# What you should do
From the very first line down to the line containing "Laura Fedorowicz Serenity", write out the material exactly as it appears, and no more.

# Data section

_ _ _ _

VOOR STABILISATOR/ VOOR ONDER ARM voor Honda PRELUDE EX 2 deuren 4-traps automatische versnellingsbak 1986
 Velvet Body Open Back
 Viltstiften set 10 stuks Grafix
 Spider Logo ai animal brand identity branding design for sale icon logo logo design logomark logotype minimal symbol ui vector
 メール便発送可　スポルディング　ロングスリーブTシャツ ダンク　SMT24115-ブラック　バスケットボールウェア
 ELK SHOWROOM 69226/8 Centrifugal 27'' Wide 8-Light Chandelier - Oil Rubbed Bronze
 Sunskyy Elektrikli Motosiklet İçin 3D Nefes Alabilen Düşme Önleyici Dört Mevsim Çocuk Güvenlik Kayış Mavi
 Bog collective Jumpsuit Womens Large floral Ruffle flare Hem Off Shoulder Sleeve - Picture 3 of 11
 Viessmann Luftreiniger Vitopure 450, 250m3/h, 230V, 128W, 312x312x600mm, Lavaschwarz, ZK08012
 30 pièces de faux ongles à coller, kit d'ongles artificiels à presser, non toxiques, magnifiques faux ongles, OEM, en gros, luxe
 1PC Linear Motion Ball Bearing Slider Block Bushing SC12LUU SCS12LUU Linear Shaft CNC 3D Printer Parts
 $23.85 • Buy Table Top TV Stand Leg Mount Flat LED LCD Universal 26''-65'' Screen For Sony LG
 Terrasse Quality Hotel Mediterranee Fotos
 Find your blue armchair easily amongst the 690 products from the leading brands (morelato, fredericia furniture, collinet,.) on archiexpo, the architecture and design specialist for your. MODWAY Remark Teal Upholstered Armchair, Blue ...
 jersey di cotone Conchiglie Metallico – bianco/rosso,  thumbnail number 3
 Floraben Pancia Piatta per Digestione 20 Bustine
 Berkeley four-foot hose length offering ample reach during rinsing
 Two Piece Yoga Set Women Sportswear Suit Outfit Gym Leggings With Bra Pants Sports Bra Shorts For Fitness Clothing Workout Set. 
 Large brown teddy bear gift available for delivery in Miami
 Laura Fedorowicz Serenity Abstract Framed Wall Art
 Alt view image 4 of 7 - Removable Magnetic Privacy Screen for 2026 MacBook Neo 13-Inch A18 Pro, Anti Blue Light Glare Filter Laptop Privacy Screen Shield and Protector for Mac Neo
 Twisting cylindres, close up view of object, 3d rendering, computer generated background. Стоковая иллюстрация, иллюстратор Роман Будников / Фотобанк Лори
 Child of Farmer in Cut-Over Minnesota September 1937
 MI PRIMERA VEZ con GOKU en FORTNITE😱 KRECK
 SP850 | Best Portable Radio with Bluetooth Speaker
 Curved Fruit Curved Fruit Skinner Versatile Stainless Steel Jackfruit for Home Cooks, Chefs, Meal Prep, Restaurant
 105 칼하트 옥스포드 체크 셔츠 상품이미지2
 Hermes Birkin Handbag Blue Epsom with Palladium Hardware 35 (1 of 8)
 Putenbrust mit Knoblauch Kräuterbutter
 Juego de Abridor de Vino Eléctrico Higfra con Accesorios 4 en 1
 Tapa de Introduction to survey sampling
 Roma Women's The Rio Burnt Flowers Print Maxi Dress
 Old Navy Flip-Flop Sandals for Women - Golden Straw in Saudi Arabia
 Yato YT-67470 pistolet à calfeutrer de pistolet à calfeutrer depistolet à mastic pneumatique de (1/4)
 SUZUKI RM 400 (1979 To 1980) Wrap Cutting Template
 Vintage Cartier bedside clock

_ _ _ _

# Written answer
VOOR STABILISATOR/ VOOR ONDER ARM voor Honda PRELUDE EX 2 deuren 4-traps automatische versnellingsbak 1986
 Velvet Body Open Back
 Viltstiften set 10 stuks Grafix
 Spider Logo ai animal brand identity branding design for sale icon logo logo design logomark logotype minimal symbol ui vector
 メール便発送可　スポルディング　ロングスリーブTシャツ ダンク　SMT24115-ブラック　バスケットボールウェア
 ELK SHOWROOM 69226/8 Centrifugal 27'' Wide 8-Light Chandelier - Oil Rubbed Bronze
 Sunskyy Elektrikli Motosiklet İçin 3D Nefes Alabilen Düşme Önleyici Dört Mevsim Çocuk Güvenlik Kayış Mavi
 Bog collective Jumpsuit Womens Large floral Ruffle flare Hem Off Shoulder Sleeve - Picture 3 of 11
 Viessmann Luftreiniger Vitopure 450, 250m3/h, 230V, 128W, 312x312x600mm, Lavaschwarz, ZK08012
 30 pièces de faux ongles à coller, kit d'ongles artificiels à presser, non toxiques, magnifiques faux ongles, OEM, en gros, luxe
 1PC Linear Motion Ball Bearing Slider Block Bushing SC12LUU SCS12LUU Linear Shaft CNC 3D Printer Parts
 $23.85 • Buy Table Top TV Stand Leg Mount Flat LED LCD Universal 26''-65'' Screen For Sony LG
 Terrasse Quality Hotel Mediterranee Fotos
 Find your blue armchair easily amongst the 690 products from the leading brands (morelato, fredericia furniture, collinet,.) on archiexpo, the architecture and design specialist for your. MODWAY Remark Teal Upholstered Armchair, Blue ...
 jersey di cotone Conchiglie Metallico – bianco/rosso,  thumbnail number 3
 Floraben Pancia Piatta per Digestione 20 Bustine
 Berkeley four-foot hose length offering ample reach during rinsing
 Two Piece Yoga Set Women Sportswear Suit Outfit Gym Leggings With Bra Pants Sports Bra Shorts For Fitness Clothing Workout Set. 
 Large brown teddy bear gift available for delivery in Miami
 Laura Fedorowicz Serenity Abstract Framed Wall Art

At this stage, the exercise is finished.